# Audio on the Scottish Covenanters



## RamistThomist (Jan 11, 2013)

I am trying to find as much good audio on the Scottish Covenanters. The best I've found so far is by Dr Jeff Spitler, a Tale of Two Kingdoms (note: he is using Two Kingdoms in the Melvillian sense, and not in the R2K sense). He is remarkably thorough and he has a winsome presentation.

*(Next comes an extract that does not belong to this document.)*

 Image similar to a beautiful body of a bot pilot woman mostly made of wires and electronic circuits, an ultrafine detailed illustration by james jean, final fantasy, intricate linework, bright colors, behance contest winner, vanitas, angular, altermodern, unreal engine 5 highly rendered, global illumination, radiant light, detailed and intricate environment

I know sermonaudio has some messages, and I've found some good ones on Richard Cameron, but many are of varying quality. If anyone else knows of any, I would be obliged.


----------



## ADKing (Jan 14, 2013)

David Silversides (Loughbrickland Reformed Presbyterian Church of Ireland) has several good lectures on the Covenanters Rev David Silversides Sermons - SermonAudio.com

There is a YouTube series "In the Steps of the Covenanters" that is enjoyable (part 1 here) http://www.youtube.com/watch?v=be3Uv_SglGU

It isn't always easy listening to something being read, but Sermon Audio has a few recordings of primary documents like the Auchensaugh Renovation or Renwick's Informatory Vindication that historically important works.


----------



## RamistThomist (Jan 14, 2013)

ADKing said:


> David Silversides (Loughbrickland Reformed Presbyterian Church of Ireland) has several good lectures on the Covenanters Rev David Silversides Sermons - SermonAudio.com
> 
> There is a YouTube series "In the Steps of the Covenanters" that is enjoyable (part 1 here) In the Steps of the Covenanters 1 of 6 - YouTube
> 
> It isn't always easy listening to something being read, but Sermon Audio has a few recordings of primary documents like the Auchensaugh Renovation or Renwick's Informatory Vindication that historically important works.



I've gotten most of my info from sermonaudio. Thanks for the tip on the Renwick piece. My only problem withthe StillWaterRevival pieces on sermonaudio is that they stop mid-sentence to read the (usually Latin) footonote, which is somewhat distracting.


----------